◆ **SOURCE MATERIAL**
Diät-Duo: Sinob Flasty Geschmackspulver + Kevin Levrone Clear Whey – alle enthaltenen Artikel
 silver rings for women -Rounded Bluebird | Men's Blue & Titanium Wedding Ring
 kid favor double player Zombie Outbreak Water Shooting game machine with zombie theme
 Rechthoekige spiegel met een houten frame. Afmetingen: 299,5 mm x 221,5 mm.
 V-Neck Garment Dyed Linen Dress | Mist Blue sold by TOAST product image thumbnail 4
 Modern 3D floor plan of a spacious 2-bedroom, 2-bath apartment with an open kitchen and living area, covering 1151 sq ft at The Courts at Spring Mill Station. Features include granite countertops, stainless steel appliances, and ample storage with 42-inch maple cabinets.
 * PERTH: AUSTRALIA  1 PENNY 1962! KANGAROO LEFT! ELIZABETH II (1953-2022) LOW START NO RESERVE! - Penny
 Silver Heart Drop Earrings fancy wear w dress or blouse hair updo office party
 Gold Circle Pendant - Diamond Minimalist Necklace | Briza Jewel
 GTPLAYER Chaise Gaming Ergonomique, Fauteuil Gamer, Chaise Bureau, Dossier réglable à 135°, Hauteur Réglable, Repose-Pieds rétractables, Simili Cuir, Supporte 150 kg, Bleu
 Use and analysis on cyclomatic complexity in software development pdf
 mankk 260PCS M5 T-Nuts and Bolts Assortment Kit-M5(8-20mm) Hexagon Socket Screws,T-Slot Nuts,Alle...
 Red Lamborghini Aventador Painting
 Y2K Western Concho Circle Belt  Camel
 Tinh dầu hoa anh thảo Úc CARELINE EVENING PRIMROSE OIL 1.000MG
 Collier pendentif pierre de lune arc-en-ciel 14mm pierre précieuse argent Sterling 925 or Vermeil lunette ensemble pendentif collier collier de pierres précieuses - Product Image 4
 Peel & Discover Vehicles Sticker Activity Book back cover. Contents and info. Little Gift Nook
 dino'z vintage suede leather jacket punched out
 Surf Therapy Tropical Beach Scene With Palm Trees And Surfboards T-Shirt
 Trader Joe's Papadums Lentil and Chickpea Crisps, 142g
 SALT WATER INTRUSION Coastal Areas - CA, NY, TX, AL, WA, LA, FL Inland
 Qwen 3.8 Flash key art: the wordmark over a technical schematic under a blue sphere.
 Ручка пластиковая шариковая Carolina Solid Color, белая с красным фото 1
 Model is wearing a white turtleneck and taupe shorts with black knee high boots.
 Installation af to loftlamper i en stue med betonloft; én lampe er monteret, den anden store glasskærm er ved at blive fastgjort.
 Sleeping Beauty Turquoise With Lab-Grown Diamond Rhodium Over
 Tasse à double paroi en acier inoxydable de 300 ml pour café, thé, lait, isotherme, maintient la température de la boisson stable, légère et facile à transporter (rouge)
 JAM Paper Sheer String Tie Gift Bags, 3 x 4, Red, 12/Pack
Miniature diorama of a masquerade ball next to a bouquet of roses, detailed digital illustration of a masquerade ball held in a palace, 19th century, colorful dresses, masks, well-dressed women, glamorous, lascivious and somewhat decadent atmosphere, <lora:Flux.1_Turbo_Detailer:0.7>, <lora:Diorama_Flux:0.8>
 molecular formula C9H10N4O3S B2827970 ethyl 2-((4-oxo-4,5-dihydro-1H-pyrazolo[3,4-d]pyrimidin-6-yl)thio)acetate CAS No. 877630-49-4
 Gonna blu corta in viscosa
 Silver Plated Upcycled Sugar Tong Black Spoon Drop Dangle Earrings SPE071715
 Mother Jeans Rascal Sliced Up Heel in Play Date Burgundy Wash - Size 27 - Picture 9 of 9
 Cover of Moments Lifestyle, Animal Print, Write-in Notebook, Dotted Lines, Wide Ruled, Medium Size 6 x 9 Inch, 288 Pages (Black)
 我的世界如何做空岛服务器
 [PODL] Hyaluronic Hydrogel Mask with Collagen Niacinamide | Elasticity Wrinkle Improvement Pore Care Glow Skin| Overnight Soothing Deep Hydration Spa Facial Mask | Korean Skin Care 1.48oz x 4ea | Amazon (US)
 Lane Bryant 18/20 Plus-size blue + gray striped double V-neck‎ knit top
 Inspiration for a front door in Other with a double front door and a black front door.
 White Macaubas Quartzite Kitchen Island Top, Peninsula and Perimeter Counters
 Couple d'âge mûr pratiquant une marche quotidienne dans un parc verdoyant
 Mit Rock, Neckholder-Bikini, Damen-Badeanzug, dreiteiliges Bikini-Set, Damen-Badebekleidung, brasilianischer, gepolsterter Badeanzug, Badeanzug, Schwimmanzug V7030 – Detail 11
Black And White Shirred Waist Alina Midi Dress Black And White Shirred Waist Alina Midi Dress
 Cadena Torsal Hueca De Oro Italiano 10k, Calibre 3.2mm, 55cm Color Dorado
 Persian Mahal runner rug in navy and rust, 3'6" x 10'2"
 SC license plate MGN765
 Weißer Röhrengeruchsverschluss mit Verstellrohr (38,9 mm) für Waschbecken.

◆ **EXERCISE REQUIREMENTS**
Quote the data above from the line containing "Peel & Discover" to the line containing "Gonna blu corta in viscosa", inclusive, and stop.

◆ **WRITTEN ANSWER**
 Peel & Discover Vehicles Sticker Activity Book back cover. Contents and info. Little Gift Nook
 dino'z vintage suede leather jacket punched out
 Surf Therapy Tropical Beach Scene With Palm Trees And Surfboards T-Shirt
 Trader Joe's Papadums Lentil and Chickpea Crisps, 142g
 SALT WATER INTRUSION Coastal Areas - CA, NY, TX, AL, WA, LA, FL Inland
 Qwen 3.8 Flash key art: the wordmark over a technical schematic under a blue sphere.
 Ручка пластиковая шариковая Carolina Solid Color, белая с красным фото 1
 Model is wearing a white turtleneck and taupe shorts with black knee high boots.
 Installation af to loftlamper i en stue med betonloft; én lampe er monteret, den anden store glasskærm er ved at blive fastgjort.
 Sleeping Beauty Turquoise With Lab-Grown Diamond Rhodium Over
 Tasse à double paroi en acier inoxydable de 300 ml pour café, thé, lait, isotherme, maintient la température de la boisson stable, légère et facile à transporter (rouge)
 JAM Paper Sheer String Tie Gift Bags, 3 x 4, Red, 12/Pack
Miniature diorama of a masquerade ball next to a bouquet of roses, detailed digital illustration of a masquerade ball held in a palace, 19th century, colorful dresses, masks, well-dressed women, glamorous, lascivious and somewhat decadent atmosphere, <lora:Flux.1_Turbo_Detailer:0.7>, <lora:Diorama_Flux:0.8>
 molecular formula C9H10N4O3S B2827970 ethyl 2-((4-oxo-4,5-dihydro-1H-pyrazolo[3,4-d]pyrimidin-6-yl)thio)acetate CAS No. 877630-49-4
 Gonna blu corta in viscosa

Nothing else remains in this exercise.